WHAT IS REQUIRED:
Give the lines again exactly as they appear below, from the line with "Cake Turntable /" to the line with "Pink Swarovski Crystal", both included, and only those lines. Leave every picture out.

RECORDED INFORMATION:
※ ※ ※

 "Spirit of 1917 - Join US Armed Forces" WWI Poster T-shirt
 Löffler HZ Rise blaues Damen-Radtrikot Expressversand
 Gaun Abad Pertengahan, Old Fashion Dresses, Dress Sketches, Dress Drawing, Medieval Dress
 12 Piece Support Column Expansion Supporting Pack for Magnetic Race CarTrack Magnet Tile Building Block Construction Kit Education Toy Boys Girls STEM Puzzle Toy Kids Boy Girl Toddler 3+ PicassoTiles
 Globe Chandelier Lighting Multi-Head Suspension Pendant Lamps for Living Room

※ ※ ※

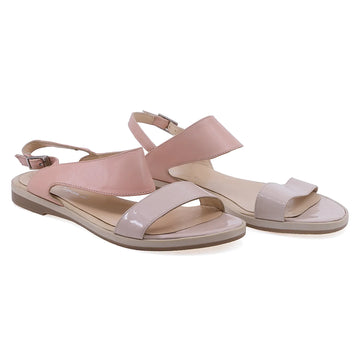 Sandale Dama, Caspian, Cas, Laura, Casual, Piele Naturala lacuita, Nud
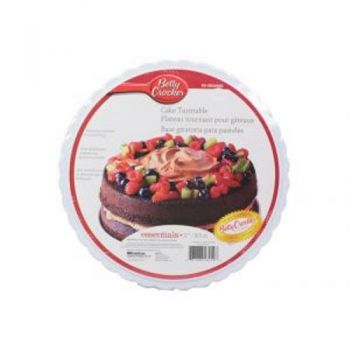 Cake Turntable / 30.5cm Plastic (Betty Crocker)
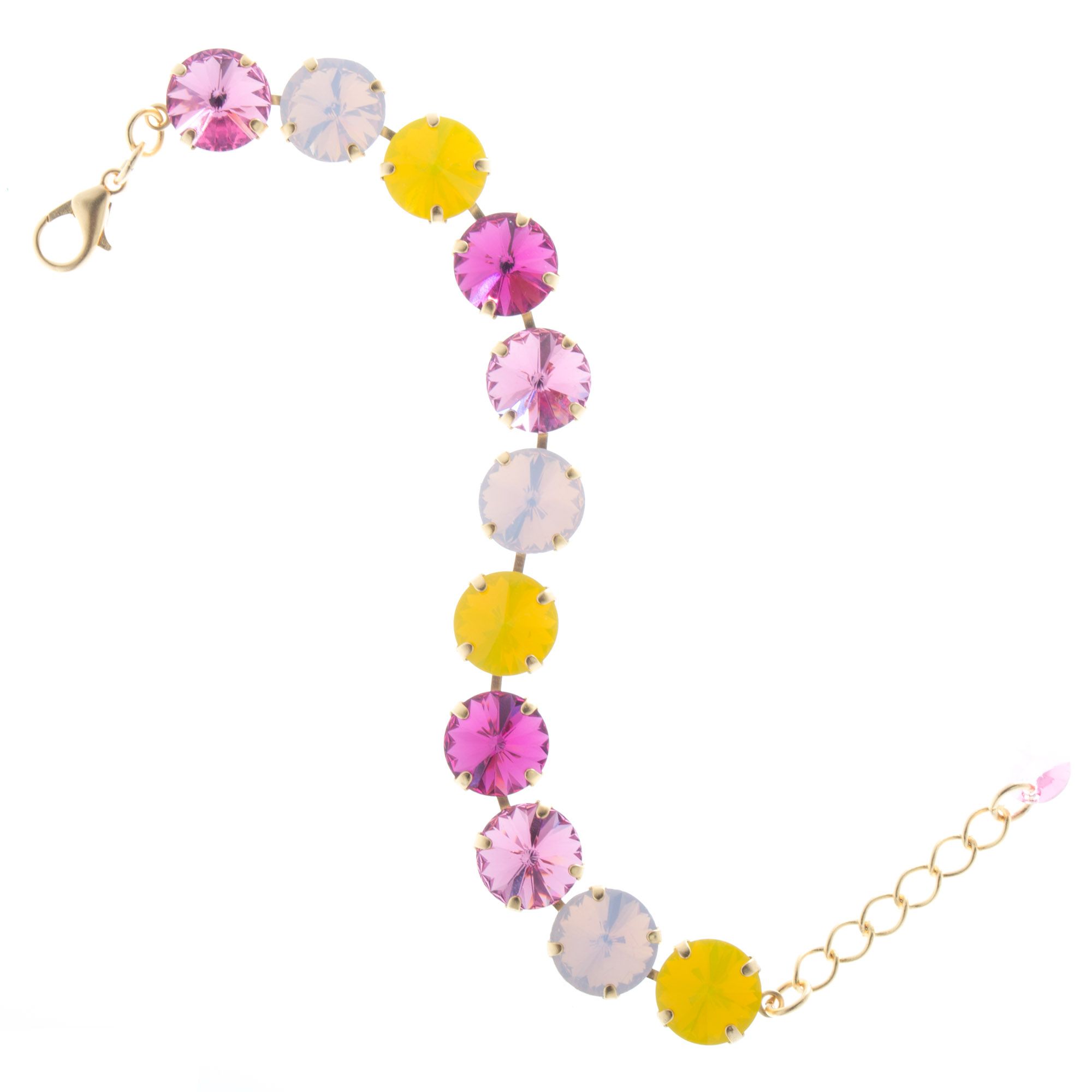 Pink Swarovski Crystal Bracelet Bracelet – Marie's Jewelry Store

※ ※ ※

ANSWER SECTION:
 Cake Turntable / 30.5cm Plastic (Betty Crocker)
 Pink Swarovski Crystal Bracelet Bracelet – Marie's Jewelry Store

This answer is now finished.